## Records to use:

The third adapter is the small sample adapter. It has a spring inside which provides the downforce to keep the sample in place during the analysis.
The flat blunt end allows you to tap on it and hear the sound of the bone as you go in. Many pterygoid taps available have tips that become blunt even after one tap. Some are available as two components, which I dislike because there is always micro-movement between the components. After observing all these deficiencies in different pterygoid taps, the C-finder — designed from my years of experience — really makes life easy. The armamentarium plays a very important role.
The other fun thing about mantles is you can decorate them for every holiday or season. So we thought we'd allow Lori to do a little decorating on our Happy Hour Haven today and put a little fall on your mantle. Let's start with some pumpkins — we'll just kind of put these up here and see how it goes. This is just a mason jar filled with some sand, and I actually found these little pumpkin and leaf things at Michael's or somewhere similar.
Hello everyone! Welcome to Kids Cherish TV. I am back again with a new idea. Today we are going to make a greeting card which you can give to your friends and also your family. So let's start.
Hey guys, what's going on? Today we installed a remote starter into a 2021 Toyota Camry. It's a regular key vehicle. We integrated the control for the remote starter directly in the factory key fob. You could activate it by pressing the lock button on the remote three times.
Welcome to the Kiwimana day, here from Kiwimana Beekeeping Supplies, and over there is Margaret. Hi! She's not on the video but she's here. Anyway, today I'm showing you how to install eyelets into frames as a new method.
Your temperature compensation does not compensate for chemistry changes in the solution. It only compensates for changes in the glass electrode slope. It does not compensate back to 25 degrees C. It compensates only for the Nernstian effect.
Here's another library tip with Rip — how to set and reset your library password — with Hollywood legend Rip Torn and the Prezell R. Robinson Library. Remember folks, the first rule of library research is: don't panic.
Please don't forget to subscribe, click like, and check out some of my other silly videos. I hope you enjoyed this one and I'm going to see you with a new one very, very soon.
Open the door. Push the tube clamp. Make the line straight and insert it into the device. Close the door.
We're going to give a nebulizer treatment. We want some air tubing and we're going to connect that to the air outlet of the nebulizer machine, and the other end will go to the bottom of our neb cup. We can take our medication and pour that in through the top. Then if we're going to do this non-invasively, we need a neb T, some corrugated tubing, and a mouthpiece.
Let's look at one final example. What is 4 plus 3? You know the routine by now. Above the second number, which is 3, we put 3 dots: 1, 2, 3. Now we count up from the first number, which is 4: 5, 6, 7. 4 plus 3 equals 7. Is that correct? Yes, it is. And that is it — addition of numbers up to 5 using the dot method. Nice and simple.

## Work to be completed:
Out of the entries above, write out only the lines between the line holding "Welcome to the" and the line holding "Open the door.", inclusive, each exactly as given.

## Answer box:
Welcome to the Kiwimana day, here from Kiwimana Beekeeping Supplies, and over there is Margaret. Hi! She's not on the video but she's here. Anyway, today I'm showing you how to install eyelets into frames as a new method.
Your temperature compensation does not compensate for chemistry changes in the solution. It only compensates for changes in the glass electrode slope. It does not compensate back to 25 degrees C. It compensates only for the Nernstian effect.
Here's another library tip with Rip — how to set and reset your library password — with Hollywood legend Rip Torn and the Prezell R. Robinson Library. Remember folks, the first rule of library research is: don't panic.
Please don't forget to subscribe, click like, and check out some of my other silly videos. I hope you enjoyed this one and I'm going to see you with a new one very, very soon.
Open the door. Push the tube clamp. Make the line straight and insert it into the device. Close the door.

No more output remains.